[08/06/2010] News

L’energia in salsa cinese

NAPOLI. I successi non mancano. L'obiettivo di riduzione delle emissioni di carbonio da parte delle 1.000 industrie più inquinanti del paese previsto per il 2010 è stato raggiunto già nel 2008: e in atmosfera sono finite 106 milioni di tonnellate equivalente di carbone (il combustibile fossile più usato) in meno su 3.100 emesse ogni anno. Anche il programma di ammodernamento dei piccoli generatori di energia è stato un successo: negli ultimi anni ne sono stati rinnovati 7.467, con gran risparmio di emissioni serra. E tuttavia in Cina sono preoccupati. Perché, come sostiene la rivista scientifica Nature in un reportage da Pechino, nessuno dei due grandi obiettivi annunciati a Copenaghen saranno raggiunti. Non facilmente, almeno.

I due obiettivi sono: ridurre del 20% l'intensità energetica (ovvero l'energia necessaria a produrre un'unità di ricchezza) e del 10% l'inquinamento entro l'anno 2010 rispetto all'anno di riferimento 2005.

I due obiettivi sembravano a portata di mano. In fondo tra il 1980 e il 2002 la Cina ha ridotto l'intensità energetica al ritmo del 5% l'anno, realizzando quello che gli economisti chiamano "un salto di rana". Ma le emissioni totali non sono diminuite. Perché la domanda di energia e i consumi di combustibili fossili sono aumentati più velocemente dell'efficienza energetica.

A complicare le cose, nell'ultimo decennio, è stato l'autentico boom del mercato delle automobili private. Ne sono state immatricolate a milioni, in Cina. E l'intensità energetica tra il 2002 e il 2005 invece di continuare a scendere è risalita, aumentando del 3,8%. Anche nei primi mesi del 2010 le cose non sono andate bene: in un solo trimestre l'intensità energetica è aumentata del 3,2% per un motivo molto semplice: il «pacchetto di stimolo» da 586 miliardi di dollari stanziati dal governo di Pechino per evitare le conseguenze della crisi finanziaria globale hanno alimentato un formidabile boom dell'industria edile. E le costruzioni divorano energia.

Tutto ciò si è risolto in un bel guaio per i consumi assoluti e, dunque, per la capacità inquinante di quel grande paese. Perché - come nota il californiano Mark Levine, che ha fondato il China Energy Group presso il  Lawrence Berkeley National Laboratory - in questi stessi anni la domanda di energia è cresciuta in Cina a una velocità che non ha precedenti in nessun altro paese e in nessun altro periodo della storia dell'umanità.
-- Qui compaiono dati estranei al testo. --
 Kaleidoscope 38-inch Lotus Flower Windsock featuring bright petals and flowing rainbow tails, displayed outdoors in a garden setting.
Con

Risultato: la capacità di emissioni di carbonio e la capacità di inquinamento locale hanno toccato massimi assoluti.
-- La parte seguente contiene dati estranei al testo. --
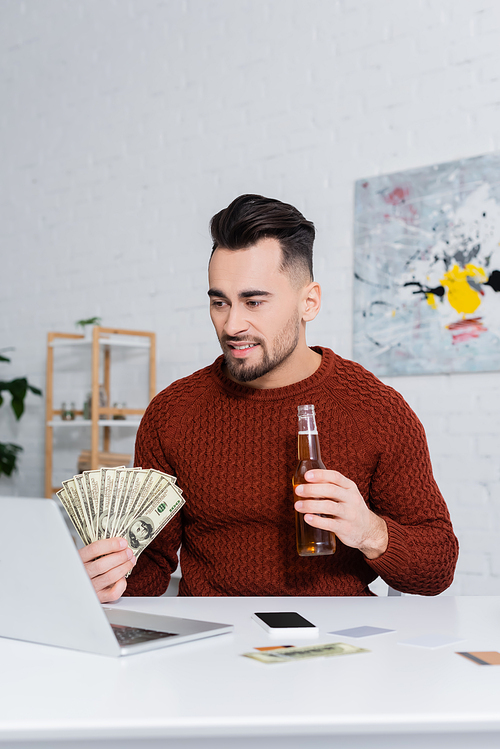 smiling gambler with dollars and bottle of beer near laptop and smartphone with blank screen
Non si tratta di un risultato scontato. Tutto dipende, ancora, dal "profilo energetico" del paese. Nel 2005 il 70% della domanda di energia cinese era ancora soddisfatta dal carbone, il 20% dal petrolio e il 3% dal gas naturale; mentre il 7% era soddisfatto da fonti "carbon free", come l'idroelettrico (6%) o il nucleare (1%). Si aggiunga a questo un utilizzo ancora molto "sporco" del carbone - utilizzando tecniche di "lavaggio" si potrebbero abbattere emissioni a particelle inquinanti del 15% - e si comprende perché anche le più alte autorità cinesi si mostrano, anche in pubblico, piuttosto preoccupate sulla reale capacità della Cina di raggiungere gli obiettivi prefissati.
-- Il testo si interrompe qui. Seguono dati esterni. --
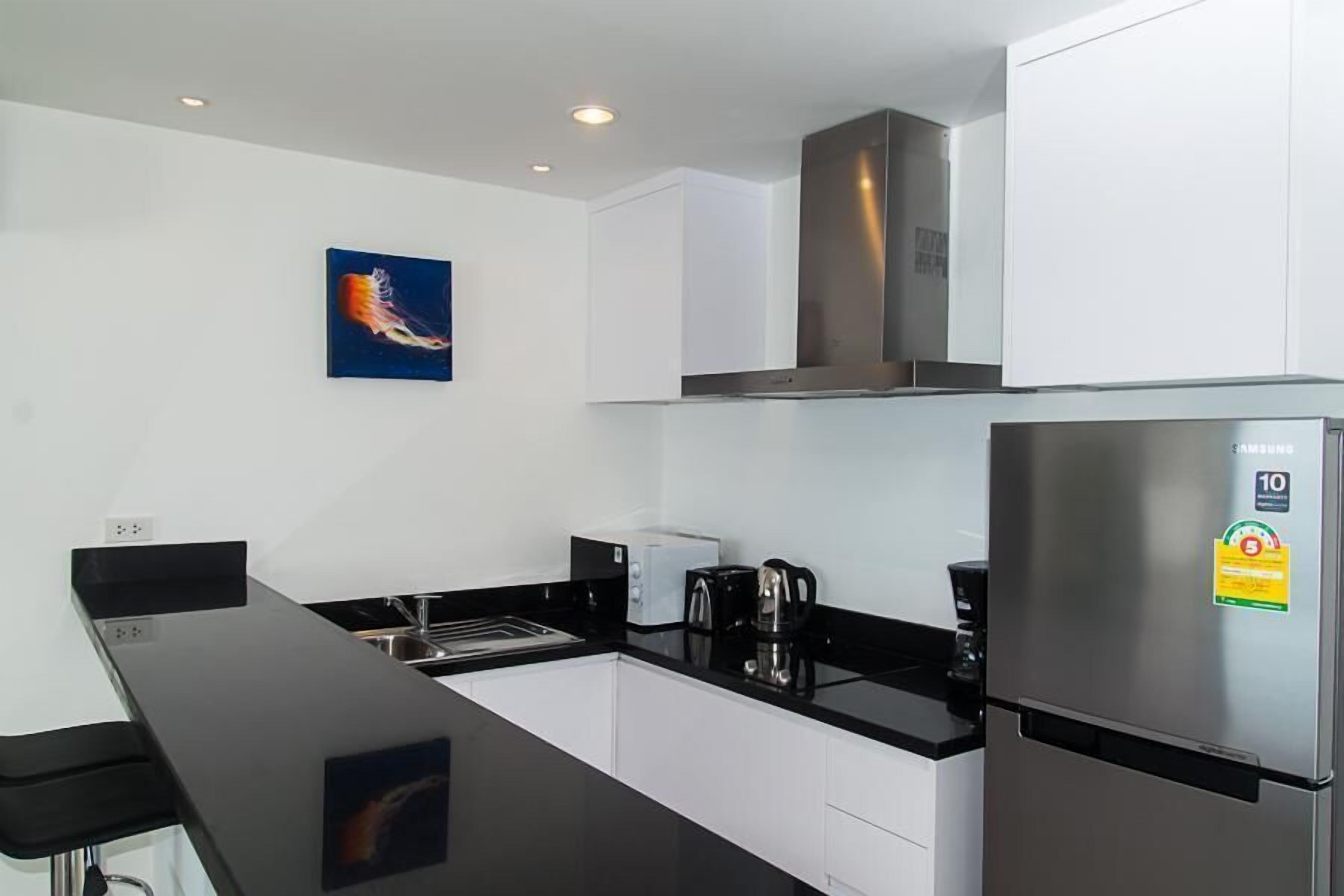 A modern kitchen with white cabinets, a black countertop, a stainless steel refrigerator, and a coffee maker.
Per questo la Cina si è data come obiettivo di aumentare la fetta dei combustibili non fossili al 15% entro il 2020. E se proprio tutto questo non dovesse bastare, ha dichiarato il Primo Ministro di Pechino, Wen Jiabao, nel recente incontro con la delegazione Usa, sarà ordinato alle industrie di diminuire la loro stessa capacità produttiva. Anche col pugno di ferro.